[What is required] Retype all of the data word for word, without pictures.

[Opening Materials provided section]

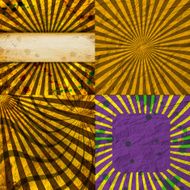 set of Old vintage paper template texture N61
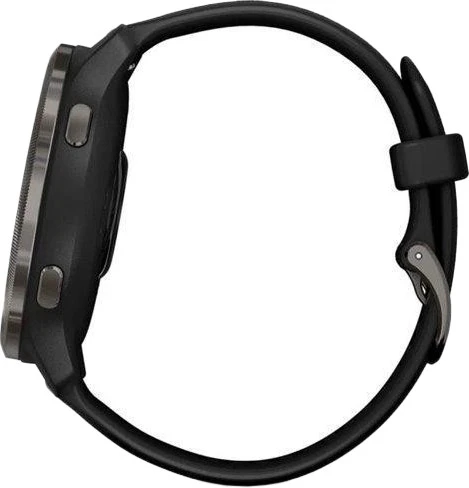 Смарт-годинники Garmin Venu 2 Slate with Black Leather Band (010-02430-21)
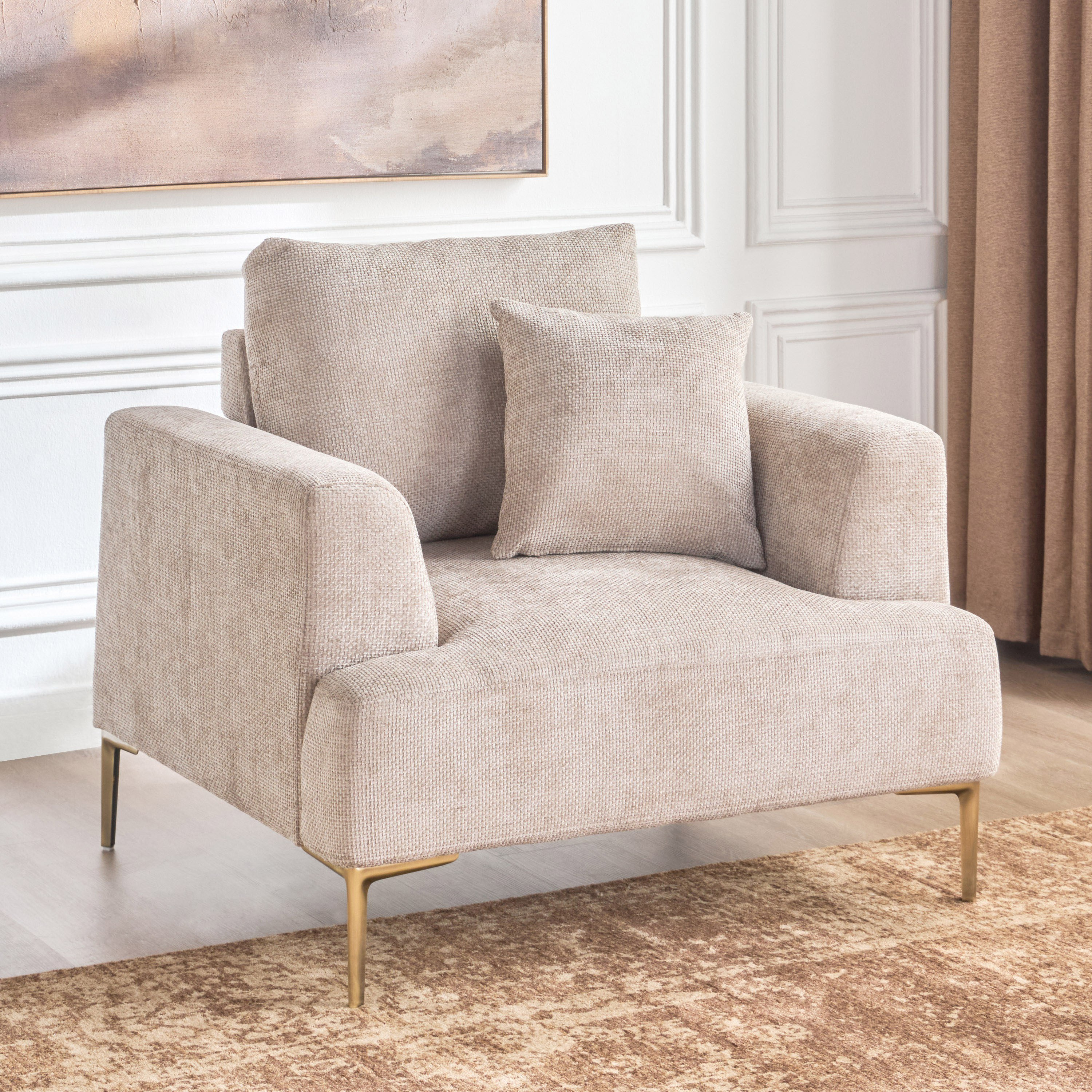 كرسي قماش بمساند ذراعين - فونيكس-furniture-sofaandseating-armchairs-image-1
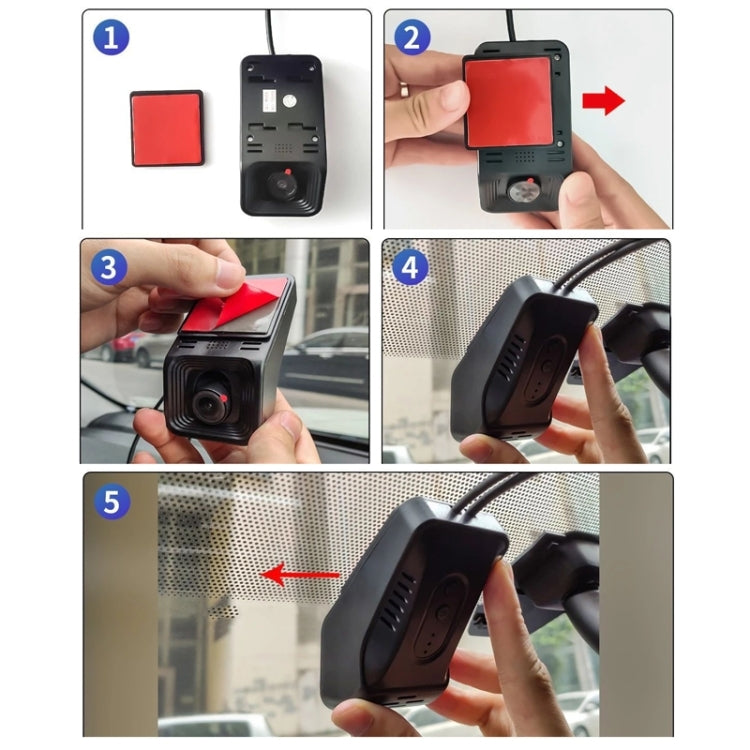 Android ADAS HD Night Vision 1080P USB Driving Recorder, Model: Dual Lens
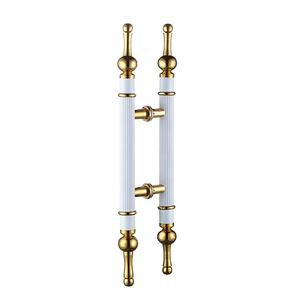 مقبض باب فندقي فاخر بتصميم عمودي وملمس أبيض، مقبض باب نادي بتصميم راقٍ ومتناسق الألوان، مصنوع من الفولاذ المقاوم للصدأ - Product Image 4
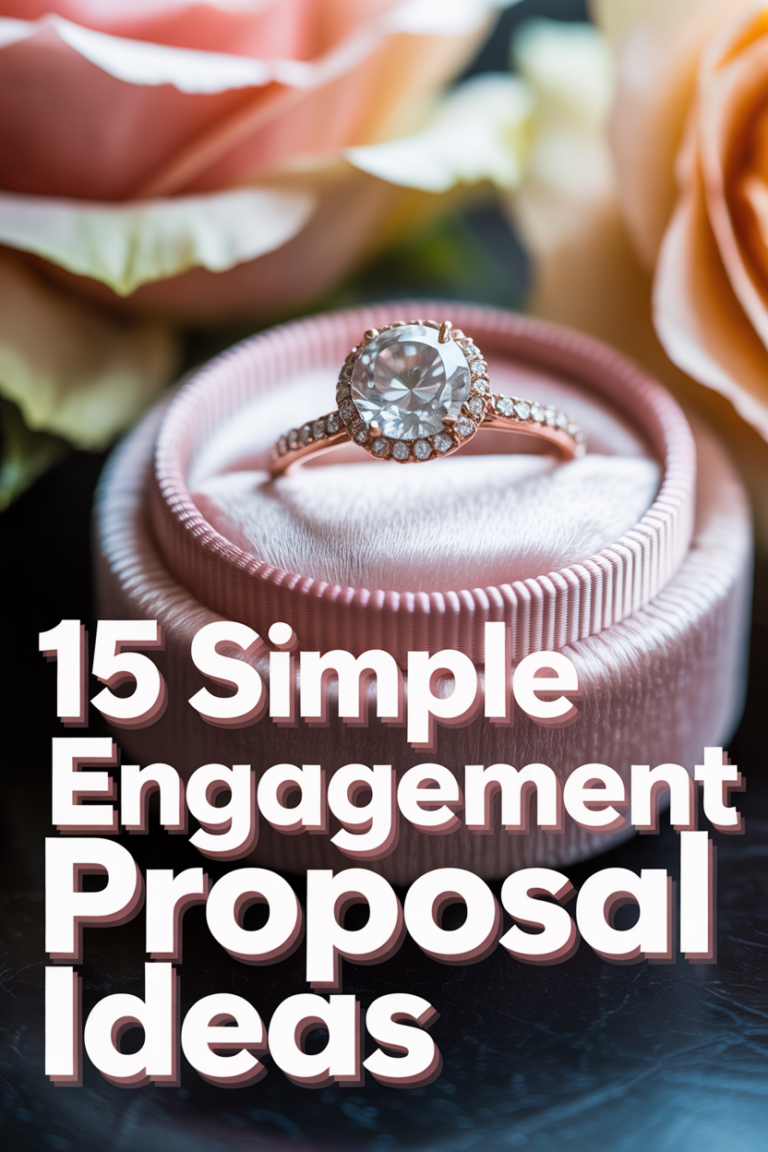 💍 15 Simple Engagement Proposal Ideas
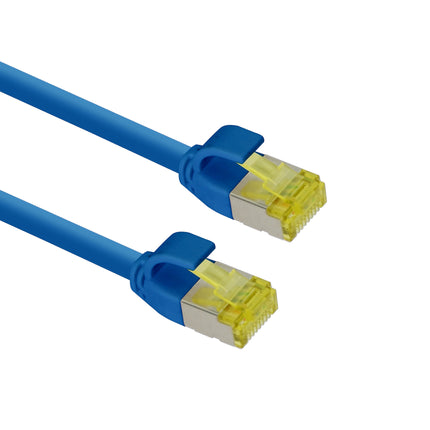 Ultra slim Patchkabel S/FTP Cat 6A blue 0.5 M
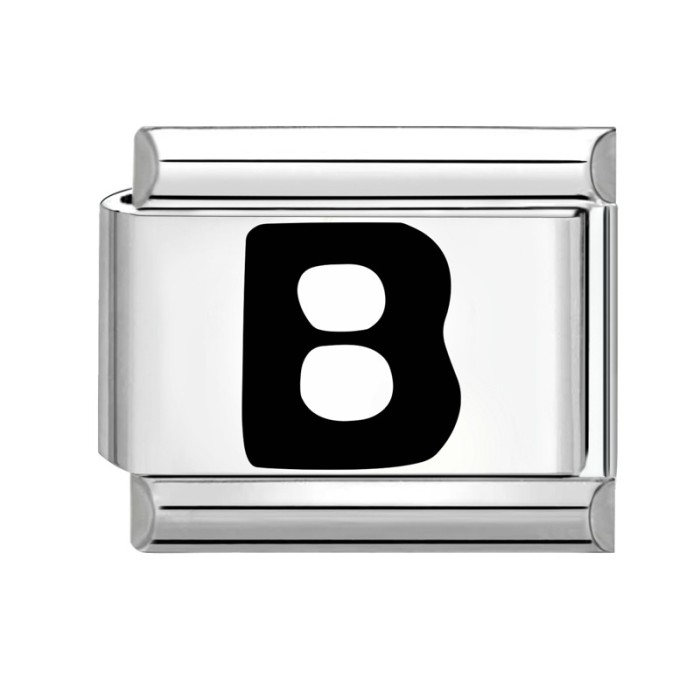 Steel Color Charms Module Fashion DIY Interlocking Bracelet Letter Style Creative Jewelry Multifunctional Exquisite Accessories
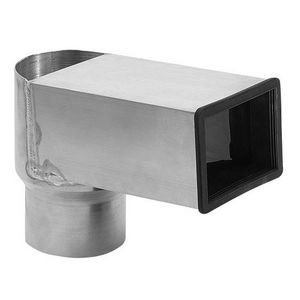 Stadsuitloop alu. 60x100mm-ø100 mm incl. EPDM manchet VVE=5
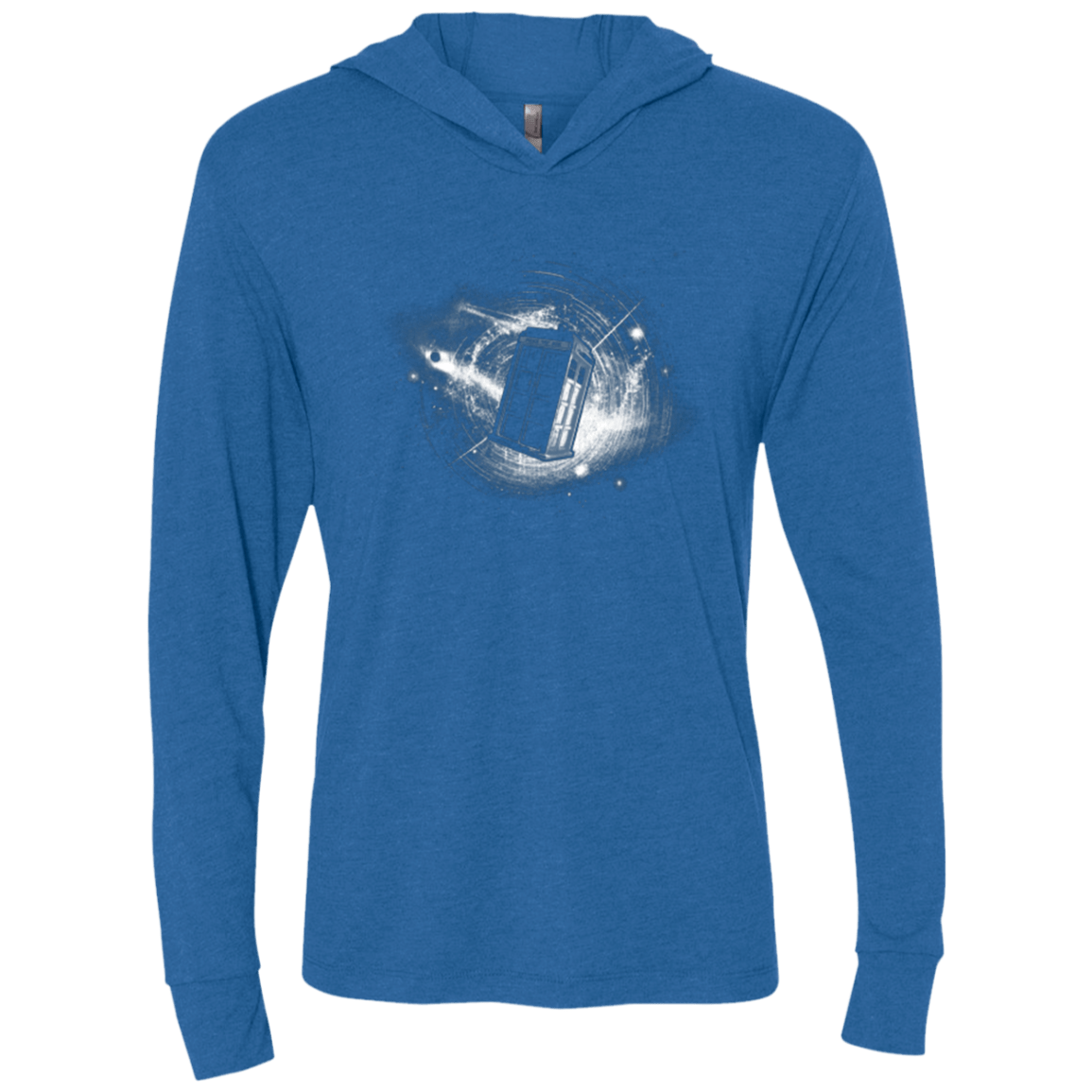 T-Shirts Vintage Royal / X-Small Tardis Triblend Long Sleeve Hoodie Tee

[Closing Materials provided section]

[Solution to this exercise]
 set of Old vintage paper template texture N61
 Смарт-годинники Garmin Venu 2 Slate with Black Leather Band (010-02430-21)
 كرسي قماش بمساند ذراعين - فونيكس-furniture-sofaandseating-armchairs-image-1
 Android ADAS HD Night Vision 1080P USB Driving Recorder, Model: Dual Lens
 مقبض باب فندقي فاخر بتصميم عمودي وملمس أبيض، مقبض باب نادي بتصميم راقٍ ومتناسق الألوان، مصنوع من الفولاذ المقاوم للصدأ - Product Image 4
 💍 15 Simple Engagement Proposal Ideas
 Ultra slim Patchkabel S/FTP Cat 6A blue 0.5 M
 Steel Color Charms Module Fashion DIY Interlocking Bracelet Letter Style Creative Jewelry Multifunctional Exquisite Accessories
 Stadsuitloop alu. 60x100mm-ø100 mm incl. EPDM manchet VVE=5
 T-Shirts Vintage Royal / X-Small Tardis Triblend Long Sleeve Hoodie Tee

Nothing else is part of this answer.